Did they find any stone time cards?
Seriously though, this is a fascinating find.
Well, they are the modern stone-age family.
I’d hate to be the poor bastard who had to count 17,000 flint items. I didn’t like doing that with just hundreds of chert, quart and rhyolite points and scrapers. A guy can cut his fingers off if he isn’t careful.
However, finding projectile (spear) points and arrow heads is a great way to describe a production site for a specific culture or tribe.
My work in Pennsylvania helped to show how different tribes travelled down the Susquehanna River (at Bainbridge, Pa. riverside site) and traded. In one instance, I found a black basalt point that was exactly the same dimensions as another basalt point of a totally different style.
Surmised that the same person made both points (pre-colonial, possibly Archaic). Others carried on the work at the site but I never saw their final reports (we should have gotten them in our class the next year but didn’t. I suspect that teacher/pets politics had something to do with what was published and what wasn’t).
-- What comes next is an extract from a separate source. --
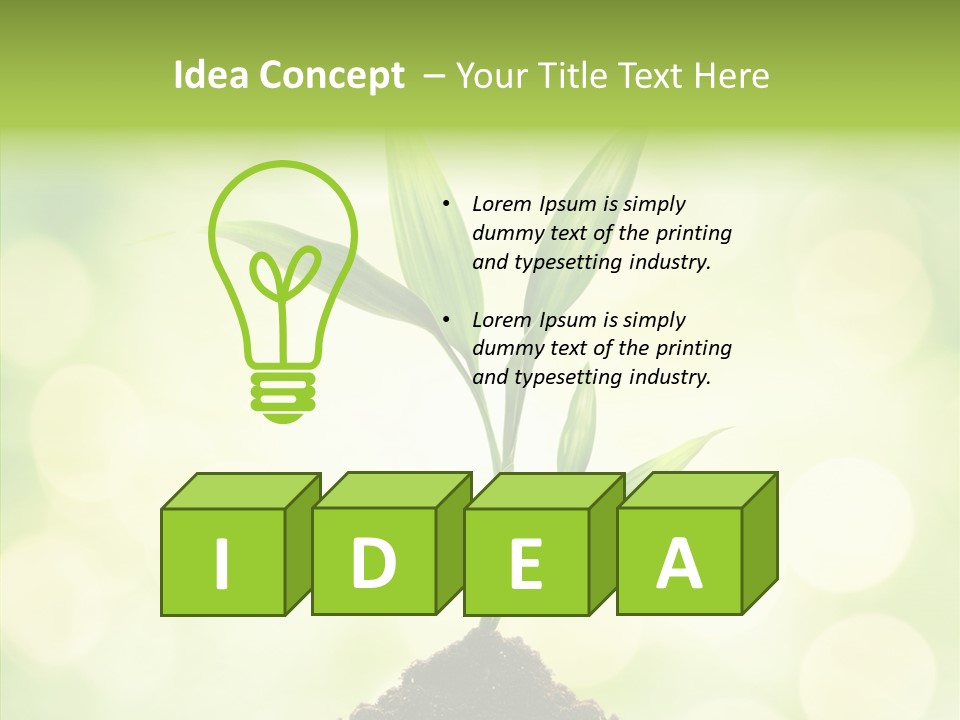 Weather Design Vibrant PowerPoint Template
Oh well. Found a great, multi-faceted ceremonial quartz(ite) dagger (about 9 inches long or more) just lying on a house mound in the outer area around Tikal. That is definitely in a museum.. Been lying there for about 900 years or more, calling my name. I heard the call.
Archaeology is a fascinating avocation and you can follow it in “Archaeology” magazine among others.
I wonder what they’ll find of ours 60,000 years from now?
Will they be shocked by how primitive we were...or will there even still be humans that weren’t replaced by robots?